Specimen The Berlin specimen of
Archaeopteryx is to date the most complete existing specimen of this genus, and is widely regarded as one of the most beautiful fossils in the world. Its well-preserved skeleton and the preserved feathers of its wings and tail have made it of considerable interest to a wide range of scientific study, beginning with Wilhelm Dames and Carl Vogt shortly following its discovery. This iconic fossil preserves the animal with an articulated skeleton, complete skull and lower jaw, and spread wings with excellently preserved feather imprints. The three fingers of each hand are displayed with each claw oriented to the front, and the hind limbs are positioned to one side as though running. The bony tail is long, serially feathered, and slightly bent behind the pelvis. The main slab measures 46 cm by 38 cm and was broken into two unequal parts (visible today by a long crack). Due to Ernst Häberlein's inexpert attempts at mounting, the counter slab is relatively incomplete and shows only the negative molds of the bones and feather imprints. Researchers believed the animal likely died by drowning in a Jurassic Solnhofen lake, floated on the surface for some time, and then sunk to the lagoon floor where it was deposited in calcium-rich mud. The specimen's exquisite preservation suggests a relatively short time in the lake before being deposited, perhaps on the order of hours or days.
Skull While the London specimen included only a few fragments of the brain case and upper jaw, the Berlin specimen of
Archaeopteryx has what appears at first glance to be an almost perfectly preserved skull. Closer inspection reveals the skull, while remarkable, to have considerable damage and defects, including compression and damage to the occipital region, which is partly missing. The mandible is so tightly pressed against the upper jaw that part of it is obscured by overlapping. The orbital (eye socket) has a diameter of 14 mm and includes a preserved
scleral ring composed of 12 overlapping elements.
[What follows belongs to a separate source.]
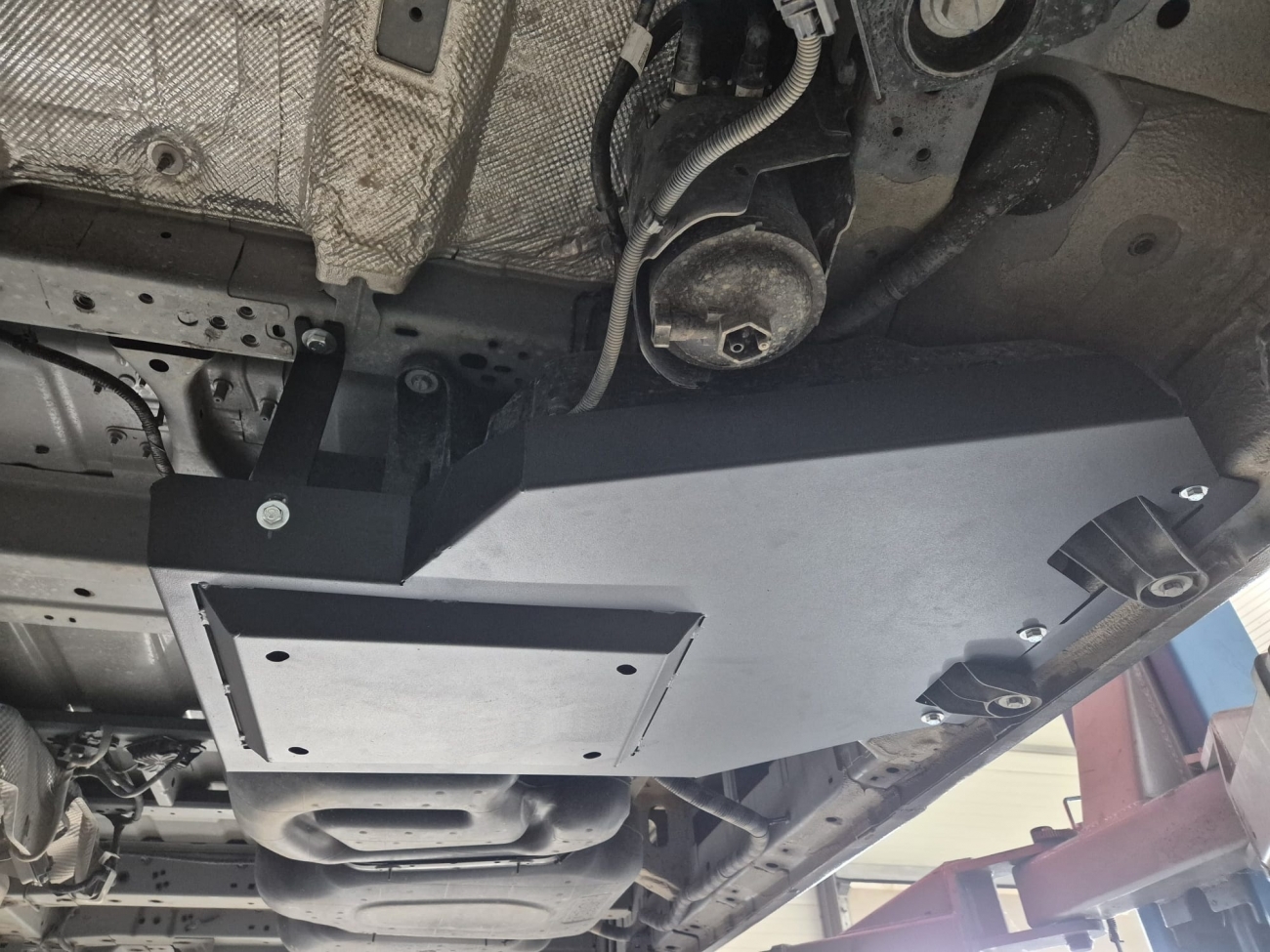 Bundplade Stål AdBlue | Ford Transit Custom (2023-2026) - 7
Trunk Below the skull, the fossil shows a remarkable degree of articulation. The cervical vertebrae, for example, are all but one preserved in their natural pose. Analysis of these vertebrae led Dames to estimate a neck length of 60.5 mm. This discrepancy is based on differing interpretations of the first two cervical vertebrae. Britt et al. (1998) observed lateral openings in these neck vertebrae and interpreted them as pneumatic foramina, suggesting a modern air sac system. The first eleven or twelve dorsal vertebrae bear ribs and these have a length between 5.5 and 7 mm with large neural spines. A sacral length of around 6.5 is deduced. Dames observed 20 caudal vertebrae; Wellnhofer posits 21. Dames also noted the similarity in the long, rod-like structures of the tail to those in the flying pterosaur
Rhamphorhynchus, considering them to be ossified tendons. Some controversy surrounded the
sternum when first described. Dames (1897) first identified the triangular structure and Petronievics (1925) later attempted to reconstruct it as being keeled. The sternum identified in the London specimen, by contrast, appeared unkeeled and this discrepancy led Petronievics to classify the Berlin specimen as a different genus,
Archaeornis. American paleontologist
John Ostrom later identified the structure as part of the right coracoid based on X-ray photographs of this specimen. This claim was examined via UV technology and later rejected by Wellnhofer (1993) and Tischlinger & Unwin (2004), who reclassified it as part of the sternum, albeit minimally ossified (mostly cartilagenous). This supports the idea that the Berlin
Archaeopteryx was not a full-grown individual at the time of its death, and instead represents an immature animal. The pelvis of the Berlin specimen was considered by Dames to be markedly different from that of the London specimen, which was a major point in favor of his assigning a new species to the Berlin
Archaeopteryx,
siemensii, after its generous donor. Therefore, the Berlin specimen had at one point researchers arguing for both a separate genus and species name; Petronievics (1921) erected the genus
Archaeornis and supported the claim that "
Archaeornis siemensii" entirely lacked a pubic symphysis.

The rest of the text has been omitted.